» EXERCISE PROMPT
Look below for the line containing "FUENTE PROCESADOR INTEL" and the line containing "Torso Jacket, Open", then set down both and every line between them exactly, without pictures.

──────────────────────────────

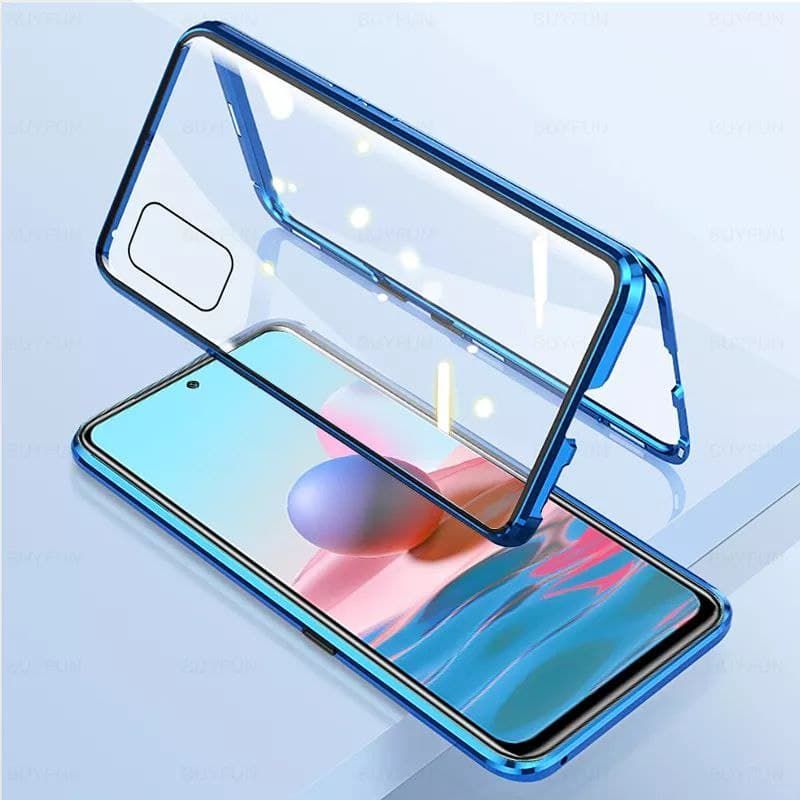 Магнитный чехол с защитным стеклом для Xiaomi Redmi Note 11 4G / 11s - Синий фото 3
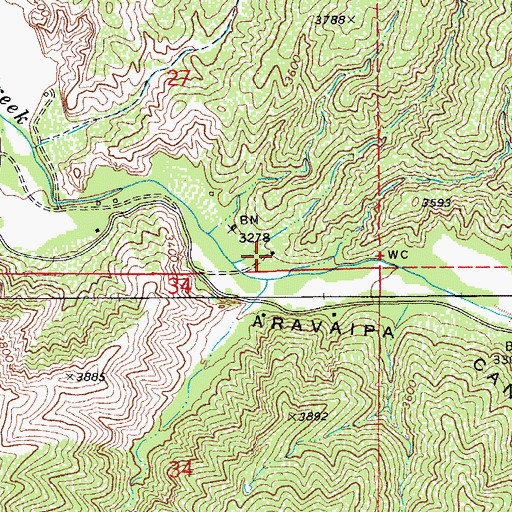 Topographic Map of Aravaipa School, AZ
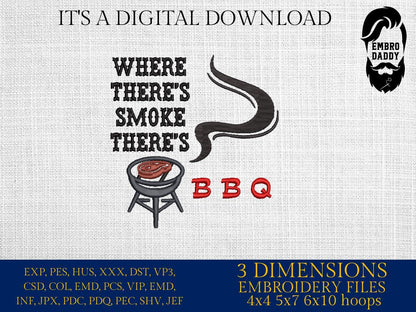 Machine Embroidery files, where there's smoke there's BBQ, grill, DST, PES, xxx, hus, & more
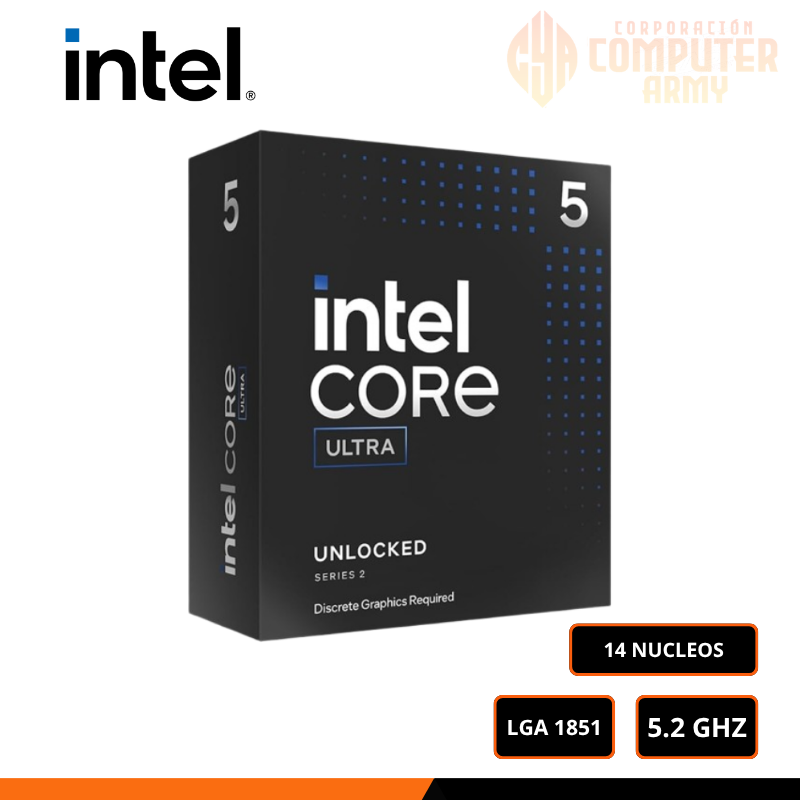 FUENTE PROCESADOR INTEL CORE ULTRA 5 245KF 4.20GHZ HASTA 5.20GHZ 24MB 14 CORE LGA1851 - Imagen 1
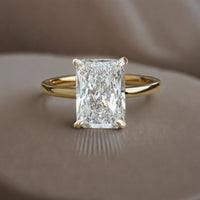 Carat Radiant Cut Lab Engagement Ring in 18K Yellow Gold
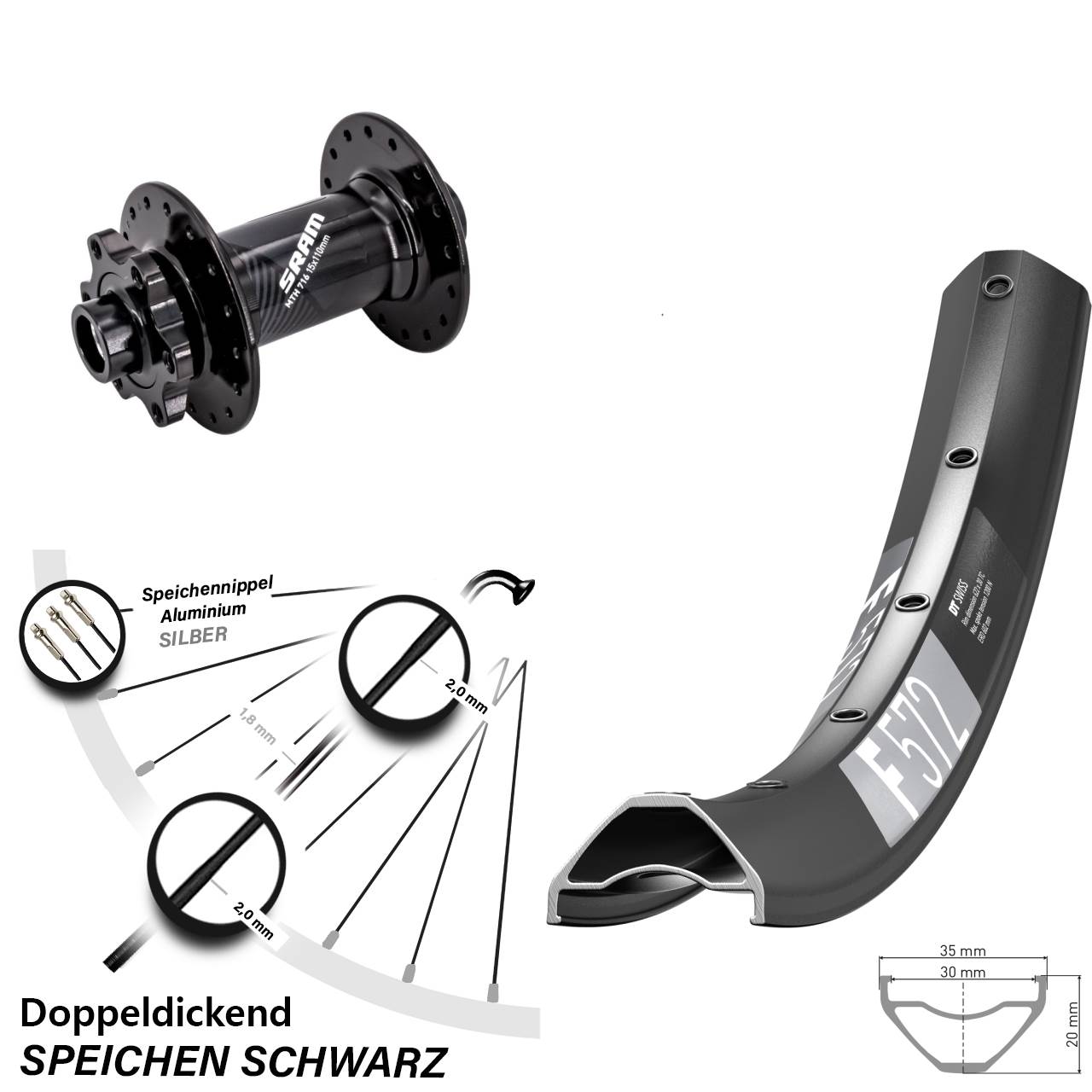 DT Swiss F572 Sram 716 29 Zoll Disc Vorderrad 15x110 Boost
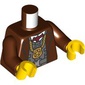 Torso Jacket, Open over Armored Vest, Gold Necklace with Police Badge Pendant Print, Reddish Brown Arms, Yellow Hands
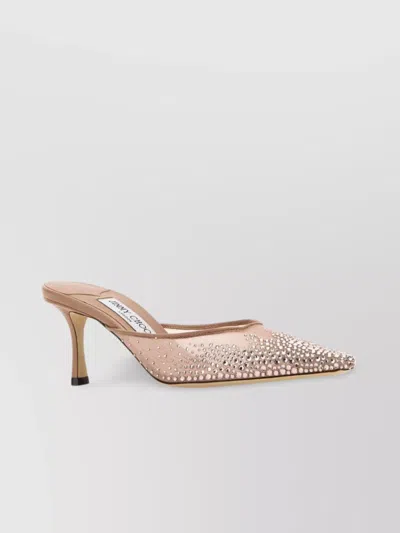JIMMY CHOO MESH VIVI 65 MULES WITH EMBELLISHED KITTEN HEEL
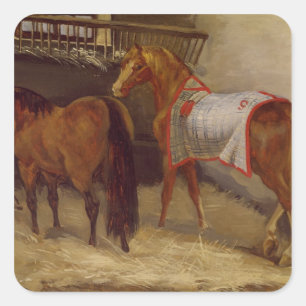 Horses in the Stables Square Sticker
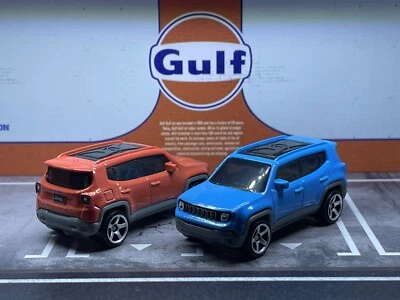 LOT 2 2019 Jeep Renegade Matchbox Crossover SUV Truck Diorama 1/64 Orange & Blue - Image 1 of 4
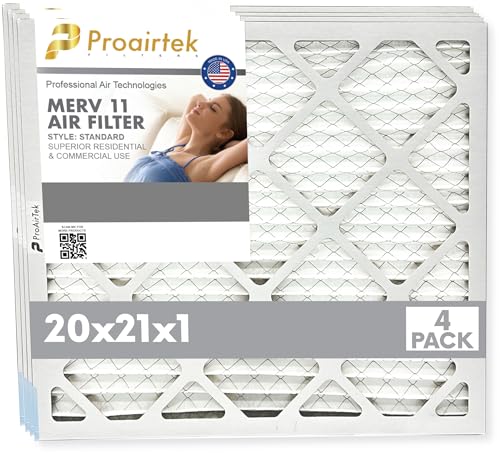 Filtres à air MERV 11 Proairtek 20x21x1 | Lot de 4 pour la purification du système CVC résidentiel
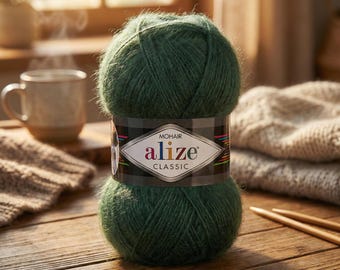 Alize Mohair Classic Yarn – Soft Fluffy Angora Wool Blend for Knitting & Crochet Shawls, Sweaters  Scarves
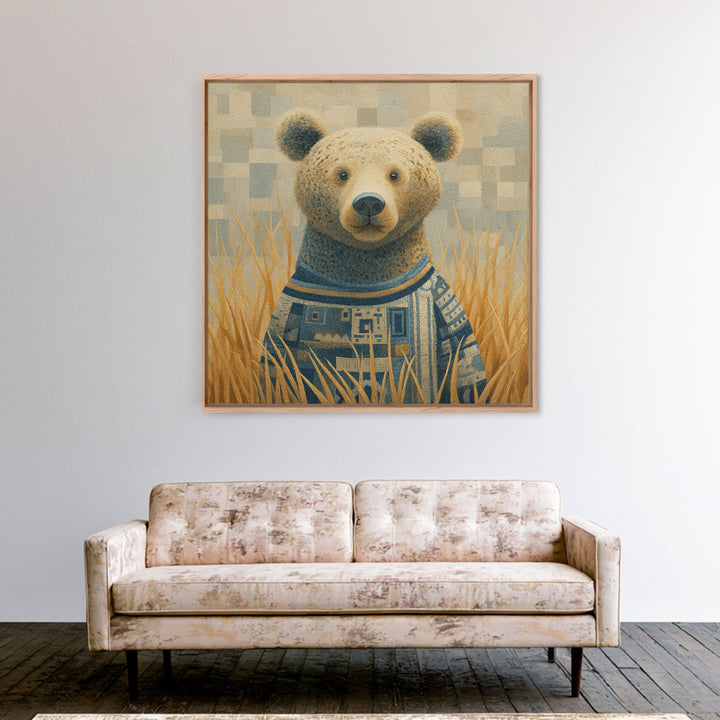 Whimsical Bear in a Patterned Sweater with Framed Canvas Print, Animal Art, Downloadable Art, Living Room Decor, Creature, ANI-1x1-74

──────────────────────────────

» EXPECTED ANSWER
 FUENTE PROCESADOR INTEL CORE ULTRA 5 245KF 4.20GHZ HASTA 5.20GHZ 24MB 14 CORE LGA1851 - Imagen 1
 Carat Radiant Cut Lab Engagement Ring in 18K Yellow Gold
 DT Swiss F572 Sram 716 29 Zoll Disc Vorderrad 15x110 Boost
 Torso Jacket, Open over Armored Vest, Gold Necklace with Police Badge Pendant Print, Reddish Brown Arms, Yellow Hands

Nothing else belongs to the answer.